Going by the above, it is easier to question why the Kiplagat affidavit says that the judge postponed the meeting at least three times. In fact, in paragraph 16 of the detailed affidavit, Tunoi’s accuser depones thus: “THAT Justice Tunoi acceded to my request only telling me to advise Mike Njeru to advise his boss that there was still enough time and that we had to keep matters very secret.”
A second meeting, scheduled for June 8, 2014 at Michael Njeru’s office along Waiyaki way was cancelled. In paragraph 25, Kiplagat says, “Shortly after, the judge called to explain the cancellation. He had cancelled the meeting because a group of Maasai friends had slaughtered a bull and they were to pick him that day…”
In subsequent paragraphs, 28, 29 and 30, Kiplagat talks of growing anxiety in the governor’s camp and the reassurance from the judge that all was well.
“Mike Njeru and John Osogo were getting impatient and there was constant communication. Then came the hearing of the appeal in June and another meeting was scheduled. This time round’ the Judge promised to make good the meeting, always assuring that things had been taken care of and there was still time…” the affidavit reads.
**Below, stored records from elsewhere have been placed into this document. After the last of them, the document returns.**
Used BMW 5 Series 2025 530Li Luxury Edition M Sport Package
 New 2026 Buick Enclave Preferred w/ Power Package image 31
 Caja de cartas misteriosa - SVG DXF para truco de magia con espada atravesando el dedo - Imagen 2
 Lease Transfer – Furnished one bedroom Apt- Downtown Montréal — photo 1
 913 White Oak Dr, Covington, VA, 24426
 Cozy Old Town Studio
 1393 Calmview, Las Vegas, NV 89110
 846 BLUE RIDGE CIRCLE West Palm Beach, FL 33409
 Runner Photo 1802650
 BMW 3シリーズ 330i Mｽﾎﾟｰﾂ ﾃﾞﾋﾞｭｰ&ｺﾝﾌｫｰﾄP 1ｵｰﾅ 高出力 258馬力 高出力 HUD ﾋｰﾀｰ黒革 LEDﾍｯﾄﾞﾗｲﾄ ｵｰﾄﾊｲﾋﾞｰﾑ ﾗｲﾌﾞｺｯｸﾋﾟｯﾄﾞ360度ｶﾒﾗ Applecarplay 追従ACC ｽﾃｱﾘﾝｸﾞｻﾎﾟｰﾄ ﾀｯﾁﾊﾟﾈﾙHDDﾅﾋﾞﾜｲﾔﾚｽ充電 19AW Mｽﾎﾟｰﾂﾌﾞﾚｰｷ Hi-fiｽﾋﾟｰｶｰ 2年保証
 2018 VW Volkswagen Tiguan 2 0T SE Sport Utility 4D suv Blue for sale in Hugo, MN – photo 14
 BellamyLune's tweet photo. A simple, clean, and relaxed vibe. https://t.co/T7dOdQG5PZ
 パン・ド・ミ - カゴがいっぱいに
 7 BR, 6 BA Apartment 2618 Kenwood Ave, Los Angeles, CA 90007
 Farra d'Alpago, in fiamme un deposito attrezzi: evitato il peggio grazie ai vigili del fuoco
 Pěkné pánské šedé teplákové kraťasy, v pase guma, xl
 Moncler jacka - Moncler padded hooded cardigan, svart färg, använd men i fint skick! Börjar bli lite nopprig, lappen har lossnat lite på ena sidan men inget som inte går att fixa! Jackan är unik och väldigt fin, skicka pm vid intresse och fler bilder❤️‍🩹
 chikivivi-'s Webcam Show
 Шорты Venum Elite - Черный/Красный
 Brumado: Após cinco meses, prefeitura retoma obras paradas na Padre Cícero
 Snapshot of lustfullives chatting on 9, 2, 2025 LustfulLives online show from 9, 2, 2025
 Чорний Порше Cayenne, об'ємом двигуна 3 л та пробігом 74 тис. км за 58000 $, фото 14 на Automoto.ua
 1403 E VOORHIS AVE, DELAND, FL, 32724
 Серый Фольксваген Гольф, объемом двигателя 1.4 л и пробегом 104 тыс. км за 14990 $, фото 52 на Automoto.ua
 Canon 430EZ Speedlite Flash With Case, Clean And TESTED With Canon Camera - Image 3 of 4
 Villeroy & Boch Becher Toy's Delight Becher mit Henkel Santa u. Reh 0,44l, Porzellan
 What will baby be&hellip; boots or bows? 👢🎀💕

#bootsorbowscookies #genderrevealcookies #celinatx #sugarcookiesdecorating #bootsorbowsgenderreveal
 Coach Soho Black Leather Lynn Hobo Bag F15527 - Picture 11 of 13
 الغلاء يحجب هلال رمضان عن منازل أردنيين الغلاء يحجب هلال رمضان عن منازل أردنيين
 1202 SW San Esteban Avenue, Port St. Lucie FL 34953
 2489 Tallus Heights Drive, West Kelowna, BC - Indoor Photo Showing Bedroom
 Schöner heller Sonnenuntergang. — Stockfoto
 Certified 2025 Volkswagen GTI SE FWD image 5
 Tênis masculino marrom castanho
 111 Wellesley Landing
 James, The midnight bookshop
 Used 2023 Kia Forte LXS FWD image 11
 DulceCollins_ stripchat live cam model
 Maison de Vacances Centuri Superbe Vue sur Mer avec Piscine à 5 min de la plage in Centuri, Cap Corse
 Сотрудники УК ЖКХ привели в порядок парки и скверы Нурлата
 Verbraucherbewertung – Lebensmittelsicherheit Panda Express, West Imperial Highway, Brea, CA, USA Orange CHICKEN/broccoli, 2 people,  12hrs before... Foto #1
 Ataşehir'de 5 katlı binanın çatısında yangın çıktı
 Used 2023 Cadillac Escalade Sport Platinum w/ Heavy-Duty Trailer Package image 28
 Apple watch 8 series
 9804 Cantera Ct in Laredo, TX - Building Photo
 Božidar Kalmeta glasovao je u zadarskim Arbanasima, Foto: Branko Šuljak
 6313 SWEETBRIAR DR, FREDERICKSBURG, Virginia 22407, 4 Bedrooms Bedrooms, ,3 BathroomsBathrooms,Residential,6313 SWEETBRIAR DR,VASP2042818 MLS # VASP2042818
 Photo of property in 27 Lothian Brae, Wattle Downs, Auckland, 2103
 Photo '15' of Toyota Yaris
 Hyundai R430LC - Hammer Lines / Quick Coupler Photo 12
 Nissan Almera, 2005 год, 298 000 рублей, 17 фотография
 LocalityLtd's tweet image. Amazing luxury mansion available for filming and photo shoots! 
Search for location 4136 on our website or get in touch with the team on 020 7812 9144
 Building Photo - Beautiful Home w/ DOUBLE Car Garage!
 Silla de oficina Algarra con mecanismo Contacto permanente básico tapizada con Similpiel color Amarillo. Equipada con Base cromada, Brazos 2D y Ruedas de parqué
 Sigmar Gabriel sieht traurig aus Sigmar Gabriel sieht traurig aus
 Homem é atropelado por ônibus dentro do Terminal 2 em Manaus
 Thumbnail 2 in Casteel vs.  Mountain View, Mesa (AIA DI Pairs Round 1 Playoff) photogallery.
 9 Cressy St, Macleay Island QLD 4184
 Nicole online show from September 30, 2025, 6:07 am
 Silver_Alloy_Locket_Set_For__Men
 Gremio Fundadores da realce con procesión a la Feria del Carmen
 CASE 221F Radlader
One gets the feeling that he was, like the court clerks described above, waiting for the entire bench to arrive at a position, where he would still pocket the money without sharing, at the same time appear to have served the interests of the governor. It is also telling in the manner the judge now hastened plans to meet and finalise the deal, roping in, according to the affidavit, the help of high-flying lawyer Kitwa Kigen, only after the hearing of the case.
After the Judgment and after a big brown briefcase had been delivered to Tunoi, Kiplagat depones at Paragraph 51, 52 and 53 that “The judge told the governor “si umeona ni mimi mwenyewe?”, loosely translated to mean “you have ascertained it is me, haven’t you? This was perhaps to allay the governor’s fears of being coned and confirming to him that the job had been done perfectly.
Victims of circumstances
It is therefore possible, even if highly unlikely, that Justice Tunoi acted alone and that his colleagues whose blood the public and stakeholders in the justice system are baying for are only victims of circumstances.
Indeed, sources from the Supreme Court intimate that from the time the media lifted the lid on the matter, by publishing the affidavit, to the time the Judicial Service Commission formed a committee to determine whether the matter warranted advising the President to form a tribunal, Justice Tunoi had not as much as contacted his colleagues to even update or even deny the allegations.
It must also be noted that even until the last minute of the 14-day deadline when the President suspended him and formed the tribunal, Justice Tunoi had never called a formal press conference to address the nation and appraise the Judiciary and the Court in which he serves on the matter.
In the meantime, calls, mostly from emotion, for the entire Supreme Court to be dissolved have been rising in crescendo. If this were to happen, it would be the most brutal attack to the rules of natural justice that the law holds so dear. Fortunately, the Constitution states in no uncertain terms how a judge of a superior court, including the High Court, Court of Appeal and the Supreme Court can be removed from office.
Be that as it may, it is a common fact that the Supreme Court is in a big perception crisis. The President’s move, however delayed, to form a tribunal to investigate allegations levelled against Justice Tunoi is welcome. Should the tribunal carry out its mandate effectively and without favour, it will go a long way towards serving justice, not to Tunoi – his is a forgone case even if it were proved beyond any reasonable doubt, which is unlikely, that he is falsely accused – but to the rest of his colleagues, especially those at the Supreme Court. Should it, however, be found that Tunoi acted with any of the other Justices, then the full force of law should be brought upon them.